*Task*
Reproduce, unchanged, the lines between the one holding "Snapshot of Genesis_ask" and the last line of the records, including both ends, but no pictures.

[Image-caption web data]
-=-=-

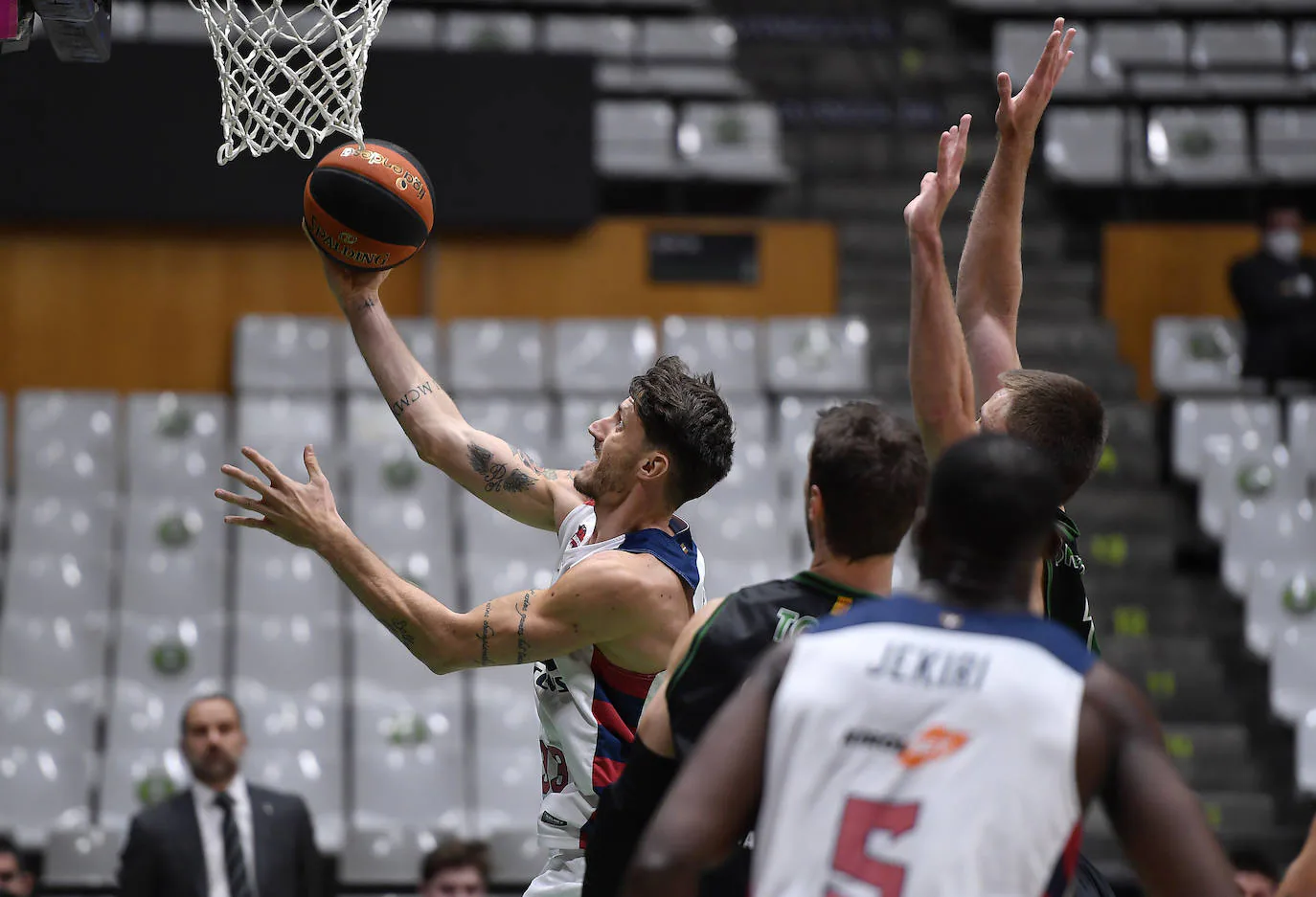 Fotos: El Joventut-Baskonia, en imágenes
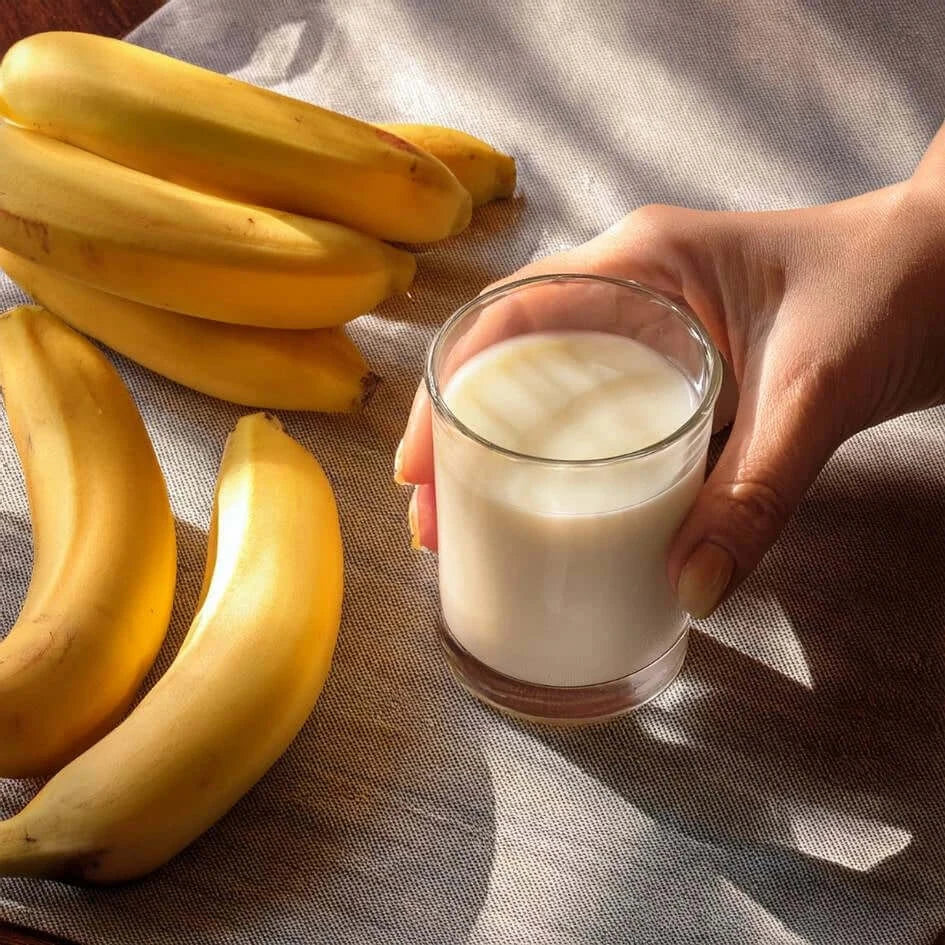 DeliPRO Zero alla Banana: bevanda proteica keto con banane, zero zuccheri, 15g proteine, perfetta per dieta chetogenica.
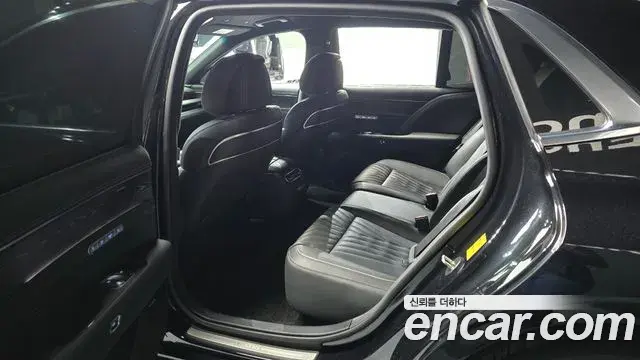 Genesis G90 2022 — ფოტო 8/33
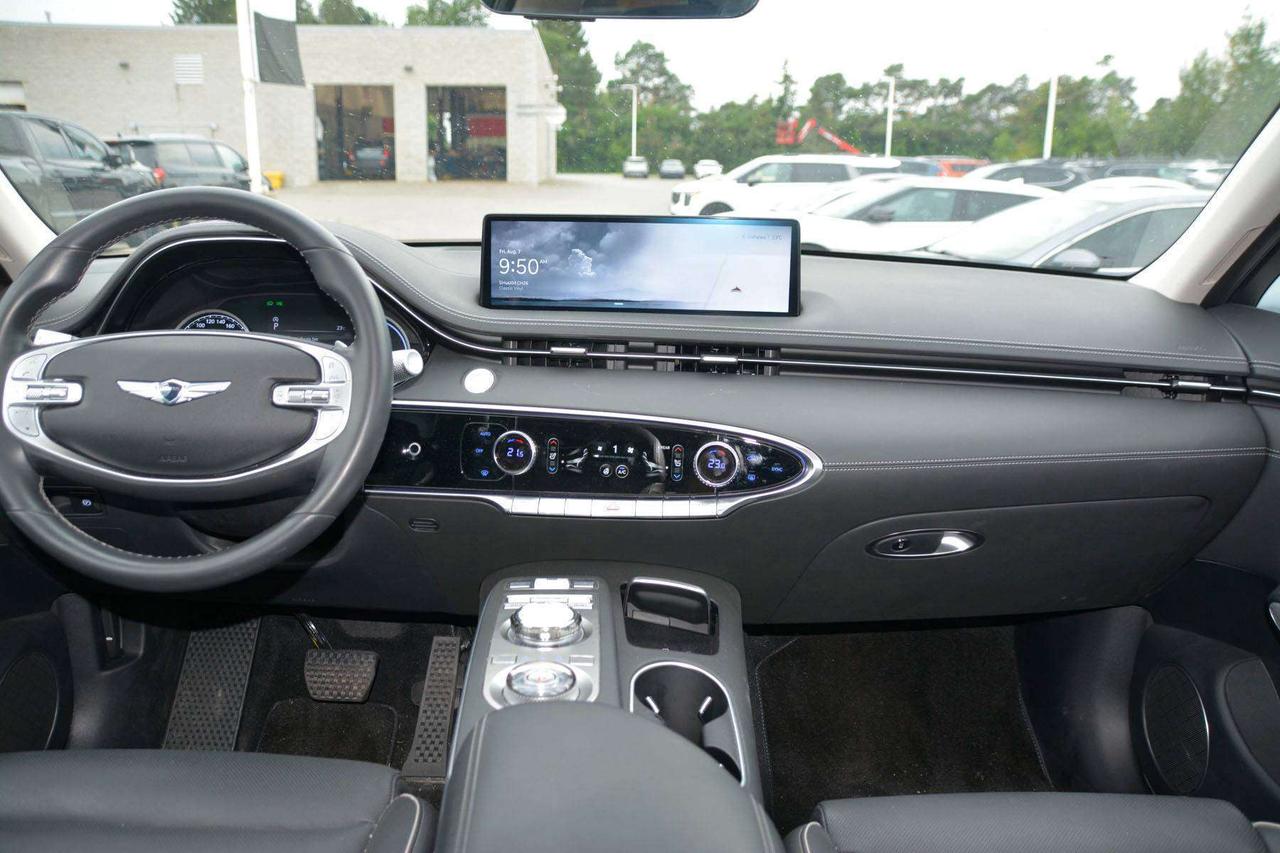 2024 Genesis GV70 2.5T Advanced Photo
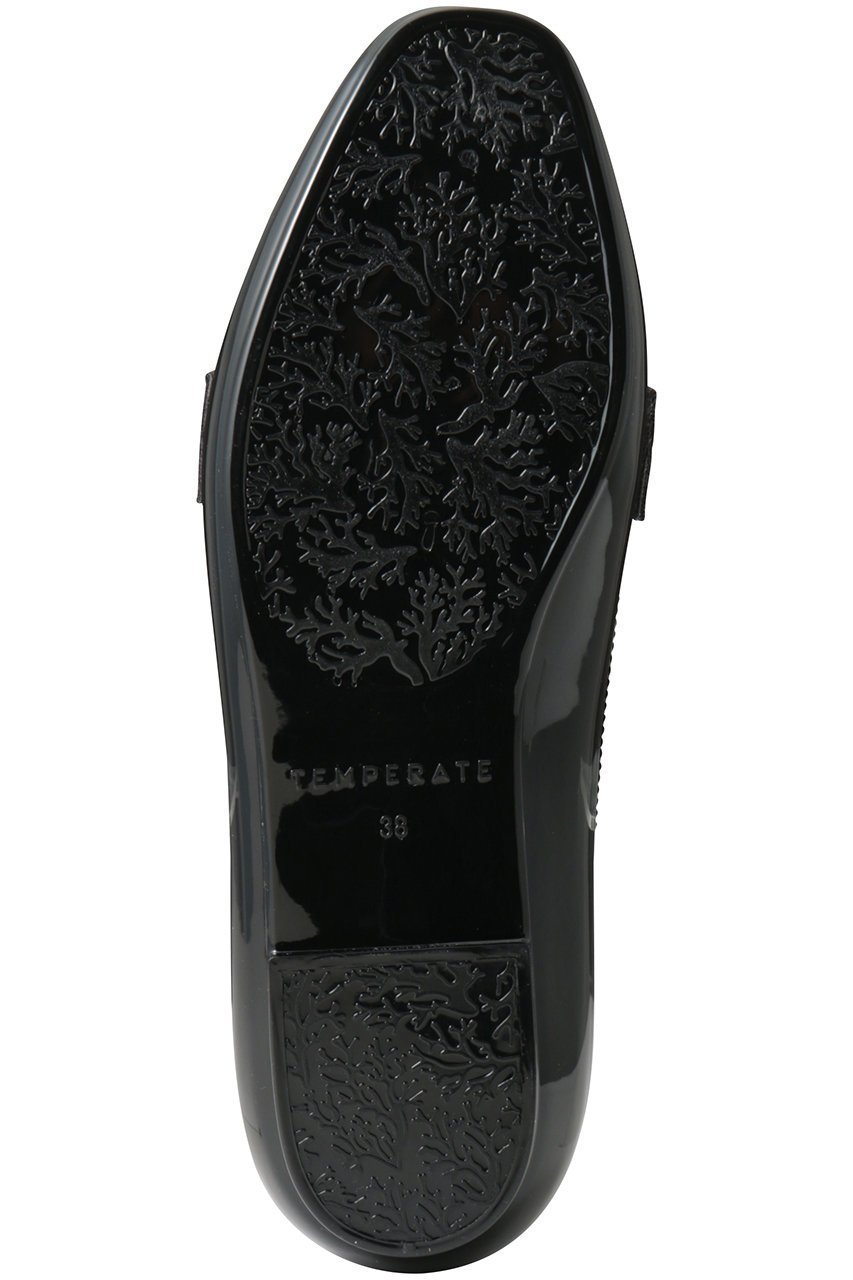 【テンパレイト/TEMPERATE】のSLOAN シルバースタッズ スリッポン(レイン対応) 人気、トレンドファッション・服の通販 founy(ファニー) 　ファッション　Fashion　レディースファッション　Fashion for Women　エナメル　Patent Leather　春　Spring　クール　Cool, Chic　抗菌　Antibacterial, Bacteria-Resistant　シューズ　Shoes, Footwear　スタッズ　Studs, Metal Accents　ストッキング　Stockings, Sheer Tights　スリッポン　Slip-On, Loafer　ソックス　Socks, Hosiery　フィット　Fit, Slim Fit　ラバー　Rubber, Rubber Sole　レイン　Rain, Rainproof　S/S・春夏　SS, Spring/Summer, Warm Season　夏　Summer　エレガント 上品　Elegant　2026年　2026　other-5|ID: prp329100004860768 ipo3291000000035999625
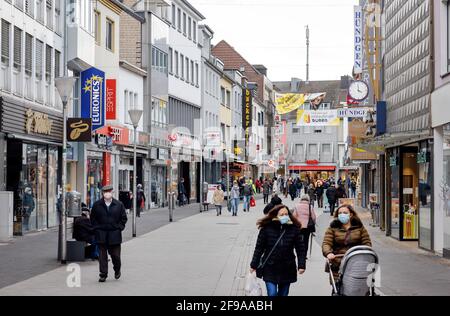 Düren, Rhénanie-du-Nord-Westphalie, Allemagne - centre-ville de Düren en temps de crise de la couronne pendant le second confinement, la plupart des magasins sont fermés, seulement quelques passants sont à pied sur Wirtelstrasse, la principale rue commerçante. Le district de Düren est l'une des municipalités où l'incidence sur sept jours est la plus élevée en Rhénanie-du-Nord-Westphalie. De plus, plus de la moitié des malades étaient infectés par la mutation britannique du virus corona. Banque D'Images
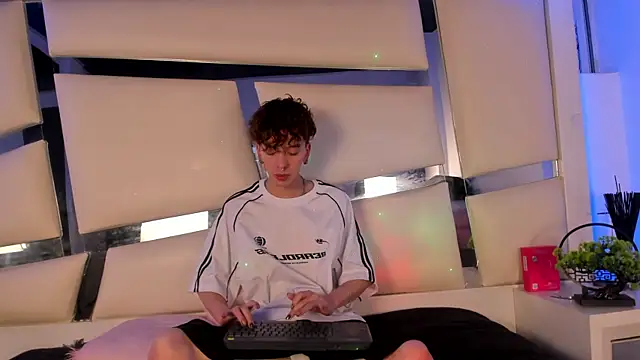 Snapshot of Genesis_ask chatting on November 21, 2025, 4:55 am Genesis ask online show from November 21, 2025, 4:55 am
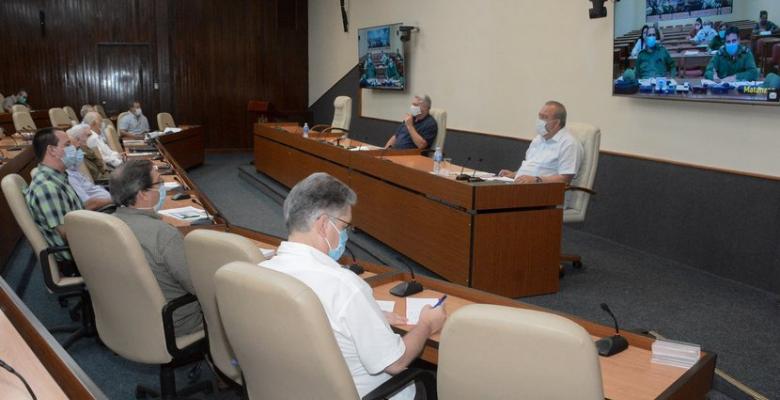 La Habana es, este martes, la única provincia del país que no ha pasado a la fase uno de la etapa de recuperación de la COVID-19. En ella permanecen ingresados un total de 102 casos activos confirmados del nuevo coronavirus. Foto: Estudios Revolución.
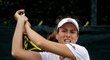 Johanna Kontaová na tréninku před Wimbledonem, z něhož ji vyřadil koronavirus v týmu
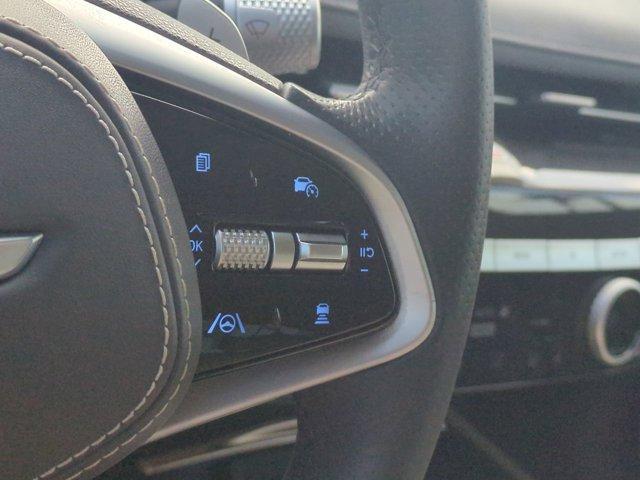 Photo of 2023 White Genesis G80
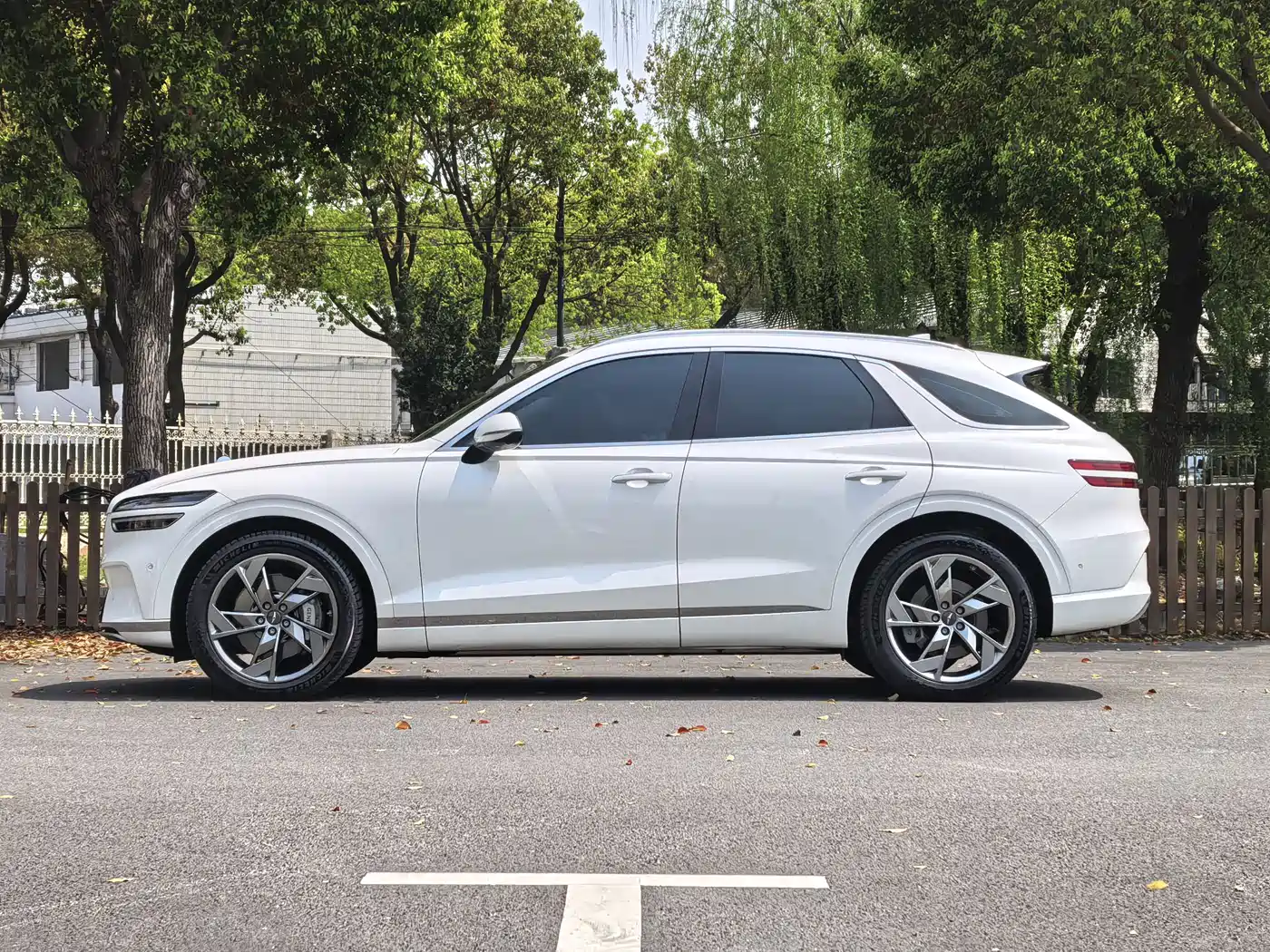 GENESIS PURE ELECTRIC GV70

-=-=-

*Answer to this problem*
 Snapshot of Genesis_ask chatting on November 21, 2025, 4:55 am Genesis ask online show from November 21, 2025, 4:55 am
 La Habana es, este martes, la única provincia del país que no ha pasado a la fase uno de la etapa de recuperación de la COVID-19. En ella permanecen ingresados un total de 102 casos activos confirmados del nuevo coronavirus. Foto: Estudios Revolución.
 Johanna Kontaová na tréninku před Wimbledonem, z něhož ji vyřadil koronavirus v týmu
 Photo of 2023 White Genesis G80
 GENESIS PURE ELECTRIC GV70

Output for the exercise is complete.